> **RECORDS**:
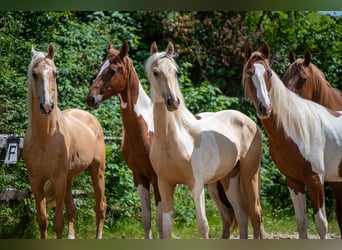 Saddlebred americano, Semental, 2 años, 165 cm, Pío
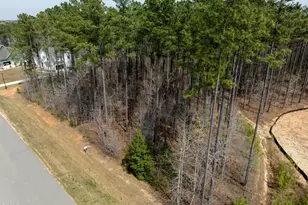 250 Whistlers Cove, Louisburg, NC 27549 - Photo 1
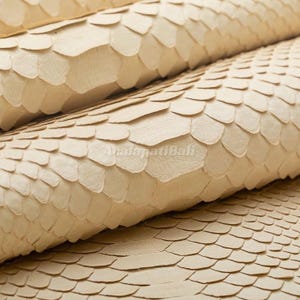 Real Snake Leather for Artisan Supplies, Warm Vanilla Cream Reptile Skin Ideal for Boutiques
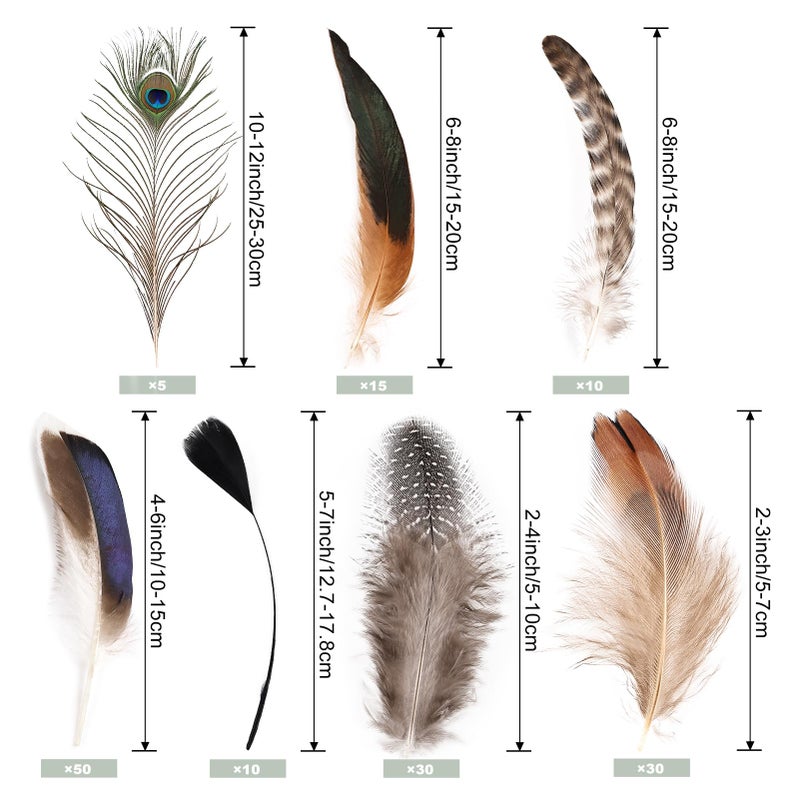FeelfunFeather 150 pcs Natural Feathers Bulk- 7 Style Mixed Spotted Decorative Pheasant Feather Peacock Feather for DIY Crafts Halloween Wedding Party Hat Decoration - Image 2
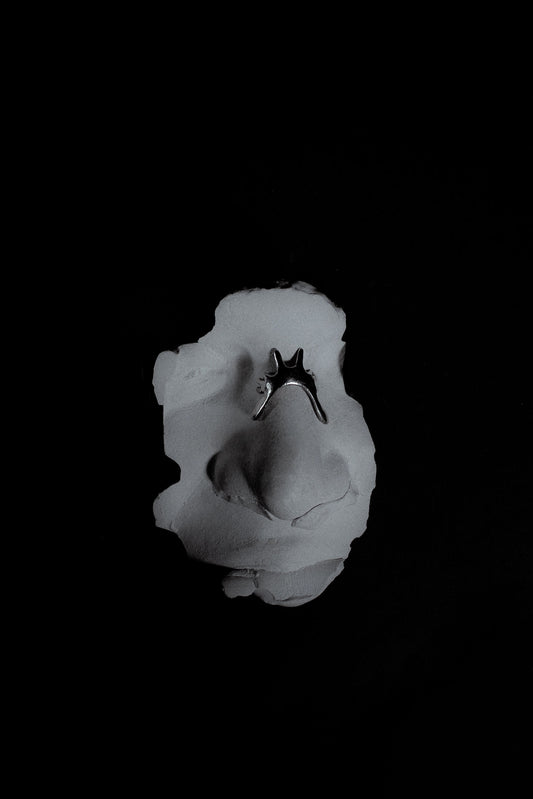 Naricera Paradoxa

--

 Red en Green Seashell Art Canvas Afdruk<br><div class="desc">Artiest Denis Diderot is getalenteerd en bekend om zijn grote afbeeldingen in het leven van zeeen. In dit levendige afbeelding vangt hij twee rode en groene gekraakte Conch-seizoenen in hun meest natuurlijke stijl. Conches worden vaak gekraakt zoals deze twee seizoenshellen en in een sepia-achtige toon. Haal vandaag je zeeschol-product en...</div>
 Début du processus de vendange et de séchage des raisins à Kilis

> **ASSIGNMENT**: When copying from the data above, print only the lines from the line containing "250 Whistlers Cove, Louisburg, NC" to the line containing "Naricera Paradoxa", exactly, and leave the pictures out.

> **COMPLETED TASK**:
 250 Whistlers Cove, Louisburg, NC 27549 - Photo 1
 Real Snake Leather for Artisan Supplies, Warm Vanilla Cream Reptile Skin Ideal for Boutiques
FeelfunFeather 150 pcs Natural Feathers Bulk- 7 Style Mixed Spotted Decorative Pheasant Feather Peacock Feather for DIY Crafts Halloween Wedding Party Hat Decoration - Image 2
 Naricera Paradoxa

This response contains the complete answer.